Business intelligence software should be enhanced to incorporate decision-making or decision process automation. From a technological perspective, that includes integration with rules engines (process support), collaboration and content management. From a process perspective, it includes automating the decision-making process (policy hub), not just the data gathering and information creation process (track, analyze and model).;
Although the movement from reporting to analysis to modeling to the policy hub shows steady progress, there are fundamental gaps in such strategies that began with data preparation and analysis. None of those efforts are centered on decision-making. Hence, none of the available decision support tools track the actual decisions in order to learn which decisions were effective and to improve the decision-making process.
The last mile: closing the loop via rules delivery
Decision-centric analytic applications attack the problem of how to optimize decision-making processes via a policy hub. The result is the selection of a rule or set of rules that must be delivered to all transactional systems where the rules are operative. That is the hub aspect of the policy hub. Thus, the challenges involved in maintaining a policy hub are twofold:
- Policy evaluation—Managing rules at a central point, coordinating their adjustment based on the latest analysis, comprising the decision-making process.;
- Policy delivery—Distributing the updated rules to all relevant transactional systems.;
The delivery of the rules is the “last mile” or final step in a closed loop. Today rules delivery is a manual process, but integration is proceeding quickly.
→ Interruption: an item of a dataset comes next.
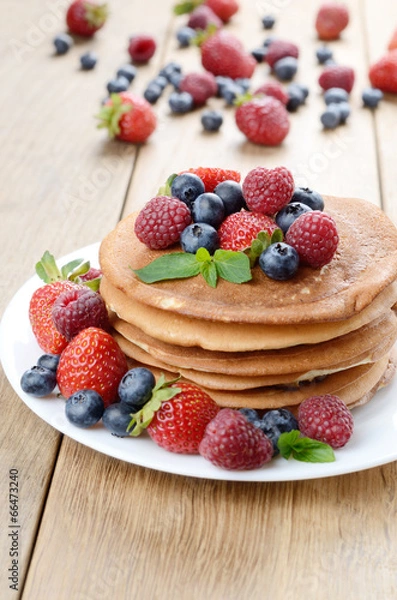 Fototapeta Pancakes with berries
Although the closed loop is executed in a clockwise direction, the design of the system should be counterclockwise—i.e. the capacity to adjust operations leads to the design of the decision process that drives the data and analysis requirements. Clockwise design can lead to collecting and analyzing data that is not relevant to making decisions on potential changes to operations.
From a market perspective, most decision support vendors have built their strategies from a clockwise direction, risking a disconnect with the decision process itself. There are signs, however, that some user organizations and vendors are changing that direction, applying counterclockwise strategies to effect decision process automation.